Le compromis serait-il une invention italienne ? La diplomatie û et donc l’ambiguïté û une seconde nature transalpine ? L’accommodement, un instinct national ? L’apaisement, qui fut jadis une faute, semble être devenu une vertu que cultivent aujourd’hui tous les Italiens face à la menace islamiste.  » Ici, les émotions priment sur la rationalité « , reconnaît Franco Ferrarotti, professeur de sociologie à l’université de Rome, alors que l’Italie vit, depuis le 13 avril, un drame avec la prise de quatre otages à Bagdad et l’assassinat de l’un d’entre eux, le lendemain.  » Les terroristes ont parfaitement compris le point faible de l’Italie, ce décalage entre la position du gouvernement, que dirige Silvio Berlusconi, bien décidé à ne pas rapatrier ses troupes d’Irak [3 000 carabiniers censés mener des missions humanitaires et de reconstruction], et celle de la population, qui, dans sa majorité, est pacifiste et ne reconnaît aucune légitimité à cette guerre.  » Un sondage récent du quotidien La Repubblica confirme ce profond désaccord : 63 % des Italiens se disent opposés à la guerre en Irak.

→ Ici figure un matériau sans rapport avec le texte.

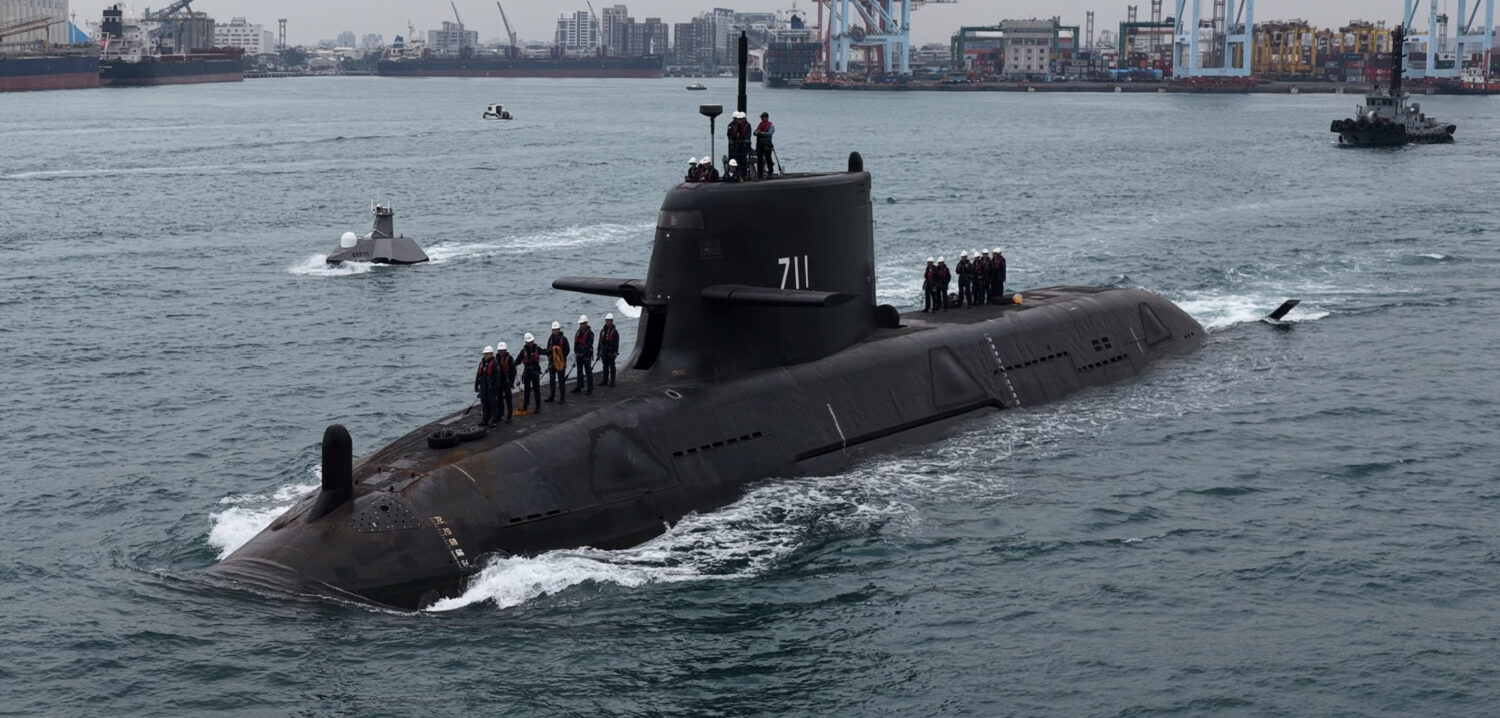 台船「海鯤軍艦」第四次浮航測試成功！國艦國造再創里程碑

Cette crise, l’Italie l’affronte sans doctrine (sinon celle de Berlusconi, que l’éditorialiste et écrivain Edmondo Berselli définit ainsi :  » Une forme acrobatique de non-belligérance hostile « ) et dans le désordre de ses sentiments. Elle commence quand quatre Italiens, présentés par la presse comme des employés de la sécurité d’une entreprise américaine, sont enlevés par un groupe qui se désigne comme les  » Brigades vertes du Prophète « . Le 15 avril, soit deux jours après cet enlèvement, la chaîne de télévision Al-Jazira diffuse un message des  » Brigades  » révélant que l’un des otages a été tué  » parce que le président du Conseil, Silvio Berlusconi, a annoncé que le retrait des troupes italiennes n’était pas à l’ordre du jour « . C’est en direct, le même soir, lors d’une émission télévisée de la Rai, Porta a porta, entouré des familles des otages, que le ministre des Affaires étrangères, Franco Frattini, confirme la nouvelle : l’exécution de Fabrizio Quattrocchi. Le drame, soudain, se transforme en téléréalité : le spectacle trouve son héros dans la personne de la victime, un ancien boulanger de 36 ans. Celui-ci, selon Frattini, aurait arraché sa cagoule et crié à ses ravisseurs :  » Je vais vous montrer comment meurt un Italien « , avant d’être tué d’une balle dans la nuque.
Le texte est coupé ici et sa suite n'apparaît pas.